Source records

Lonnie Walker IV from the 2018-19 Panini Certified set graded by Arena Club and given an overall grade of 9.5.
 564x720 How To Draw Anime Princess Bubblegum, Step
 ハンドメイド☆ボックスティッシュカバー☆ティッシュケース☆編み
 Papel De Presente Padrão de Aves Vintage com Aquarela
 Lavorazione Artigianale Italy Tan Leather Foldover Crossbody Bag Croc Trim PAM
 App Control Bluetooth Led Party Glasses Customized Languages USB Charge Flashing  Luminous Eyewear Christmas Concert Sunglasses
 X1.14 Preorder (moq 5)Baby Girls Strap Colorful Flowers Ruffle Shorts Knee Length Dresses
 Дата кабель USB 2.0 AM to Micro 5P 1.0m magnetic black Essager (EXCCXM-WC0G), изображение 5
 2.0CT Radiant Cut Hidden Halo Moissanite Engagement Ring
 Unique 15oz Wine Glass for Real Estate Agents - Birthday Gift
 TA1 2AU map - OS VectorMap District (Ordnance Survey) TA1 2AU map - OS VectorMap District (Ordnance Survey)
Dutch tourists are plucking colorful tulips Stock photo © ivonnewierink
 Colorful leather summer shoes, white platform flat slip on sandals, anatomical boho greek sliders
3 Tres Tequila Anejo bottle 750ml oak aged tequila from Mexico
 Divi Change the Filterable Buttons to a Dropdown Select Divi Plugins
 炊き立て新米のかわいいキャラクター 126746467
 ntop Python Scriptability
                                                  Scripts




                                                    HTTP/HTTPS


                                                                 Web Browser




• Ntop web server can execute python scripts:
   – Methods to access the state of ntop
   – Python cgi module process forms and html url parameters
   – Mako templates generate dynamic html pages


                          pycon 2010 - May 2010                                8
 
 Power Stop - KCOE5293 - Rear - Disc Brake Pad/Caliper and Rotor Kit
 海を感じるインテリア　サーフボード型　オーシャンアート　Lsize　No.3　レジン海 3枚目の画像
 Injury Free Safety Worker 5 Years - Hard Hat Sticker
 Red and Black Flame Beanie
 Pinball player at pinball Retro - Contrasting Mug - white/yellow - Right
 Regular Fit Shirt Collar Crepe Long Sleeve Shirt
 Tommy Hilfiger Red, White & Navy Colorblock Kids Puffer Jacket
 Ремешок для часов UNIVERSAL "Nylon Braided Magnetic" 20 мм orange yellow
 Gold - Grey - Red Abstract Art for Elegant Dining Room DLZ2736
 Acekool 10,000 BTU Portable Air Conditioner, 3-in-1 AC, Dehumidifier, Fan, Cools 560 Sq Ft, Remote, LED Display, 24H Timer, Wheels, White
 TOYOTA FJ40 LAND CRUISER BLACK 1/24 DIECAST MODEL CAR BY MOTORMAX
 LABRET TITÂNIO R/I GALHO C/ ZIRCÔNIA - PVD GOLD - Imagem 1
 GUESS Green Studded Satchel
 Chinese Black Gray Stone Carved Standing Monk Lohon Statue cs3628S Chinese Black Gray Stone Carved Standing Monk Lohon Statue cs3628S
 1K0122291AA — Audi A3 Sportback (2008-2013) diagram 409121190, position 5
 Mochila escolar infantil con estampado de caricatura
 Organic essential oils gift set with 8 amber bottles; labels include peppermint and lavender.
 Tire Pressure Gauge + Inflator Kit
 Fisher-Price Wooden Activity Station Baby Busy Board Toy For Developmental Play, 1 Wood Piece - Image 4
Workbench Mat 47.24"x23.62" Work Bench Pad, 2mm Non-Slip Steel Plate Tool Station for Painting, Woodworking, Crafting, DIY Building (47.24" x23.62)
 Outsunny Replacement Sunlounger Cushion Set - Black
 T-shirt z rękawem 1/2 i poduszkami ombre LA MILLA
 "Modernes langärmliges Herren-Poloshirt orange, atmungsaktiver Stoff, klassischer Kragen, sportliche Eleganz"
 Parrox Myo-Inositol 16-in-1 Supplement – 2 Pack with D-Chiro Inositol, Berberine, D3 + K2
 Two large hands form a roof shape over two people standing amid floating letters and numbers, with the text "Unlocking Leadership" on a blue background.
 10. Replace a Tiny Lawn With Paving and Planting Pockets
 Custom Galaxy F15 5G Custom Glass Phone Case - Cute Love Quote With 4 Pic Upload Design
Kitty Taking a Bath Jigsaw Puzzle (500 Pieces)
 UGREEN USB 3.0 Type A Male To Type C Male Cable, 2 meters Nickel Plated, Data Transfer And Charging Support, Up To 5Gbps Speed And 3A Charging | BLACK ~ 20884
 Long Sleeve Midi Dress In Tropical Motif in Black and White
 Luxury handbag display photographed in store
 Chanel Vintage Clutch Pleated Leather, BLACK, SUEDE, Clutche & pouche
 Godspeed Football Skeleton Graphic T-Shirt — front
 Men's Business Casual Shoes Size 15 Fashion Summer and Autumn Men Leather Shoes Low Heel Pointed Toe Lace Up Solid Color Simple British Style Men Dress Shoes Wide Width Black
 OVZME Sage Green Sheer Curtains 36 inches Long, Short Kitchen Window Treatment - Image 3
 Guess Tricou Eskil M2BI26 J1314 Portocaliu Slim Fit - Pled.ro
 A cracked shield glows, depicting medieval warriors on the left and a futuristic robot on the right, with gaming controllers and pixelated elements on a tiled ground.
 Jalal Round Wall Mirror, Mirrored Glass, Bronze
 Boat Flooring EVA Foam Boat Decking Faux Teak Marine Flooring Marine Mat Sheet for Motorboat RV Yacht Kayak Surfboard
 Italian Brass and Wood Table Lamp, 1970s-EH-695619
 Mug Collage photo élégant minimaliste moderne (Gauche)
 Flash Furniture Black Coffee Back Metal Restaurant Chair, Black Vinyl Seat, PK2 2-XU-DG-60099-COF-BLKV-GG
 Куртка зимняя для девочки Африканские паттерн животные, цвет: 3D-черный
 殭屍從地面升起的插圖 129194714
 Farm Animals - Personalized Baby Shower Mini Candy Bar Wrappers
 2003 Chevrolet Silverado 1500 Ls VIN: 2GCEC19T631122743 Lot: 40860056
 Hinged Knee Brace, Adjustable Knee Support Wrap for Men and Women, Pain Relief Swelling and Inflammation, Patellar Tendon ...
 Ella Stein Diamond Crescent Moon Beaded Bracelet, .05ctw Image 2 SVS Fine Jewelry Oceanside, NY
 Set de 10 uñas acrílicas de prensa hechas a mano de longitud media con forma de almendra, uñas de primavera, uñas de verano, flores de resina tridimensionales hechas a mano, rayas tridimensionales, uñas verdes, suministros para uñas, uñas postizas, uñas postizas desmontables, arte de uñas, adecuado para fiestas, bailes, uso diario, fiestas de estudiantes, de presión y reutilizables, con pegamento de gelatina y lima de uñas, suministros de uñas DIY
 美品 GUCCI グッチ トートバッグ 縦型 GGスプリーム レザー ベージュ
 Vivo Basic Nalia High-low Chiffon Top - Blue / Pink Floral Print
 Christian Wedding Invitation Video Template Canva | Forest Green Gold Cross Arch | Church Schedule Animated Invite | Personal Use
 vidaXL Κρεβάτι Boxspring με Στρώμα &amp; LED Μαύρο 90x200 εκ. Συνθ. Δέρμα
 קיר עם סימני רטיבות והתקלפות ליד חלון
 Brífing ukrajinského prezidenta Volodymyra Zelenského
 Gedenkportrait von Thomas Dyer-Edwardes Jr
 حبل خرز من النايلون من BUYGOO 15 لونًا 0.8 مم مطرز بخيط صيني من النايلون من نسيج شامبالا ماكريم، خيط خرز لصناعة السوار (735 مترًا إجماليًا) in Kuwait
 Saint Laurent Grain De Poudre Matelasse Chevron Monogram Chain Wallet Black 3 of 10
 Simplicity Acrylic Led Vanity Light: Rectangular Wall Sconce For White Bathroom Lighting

Assignment:
Where a line above contains the string "from", copy that line.

Task solution:
Lonnie Walker IV from the 2018-19 Panini Certified set graded by Arena Club and given an overall grade of 9.5.
3 Tres Tequila Anejo bottle 750ml oak aged tequila from Mexico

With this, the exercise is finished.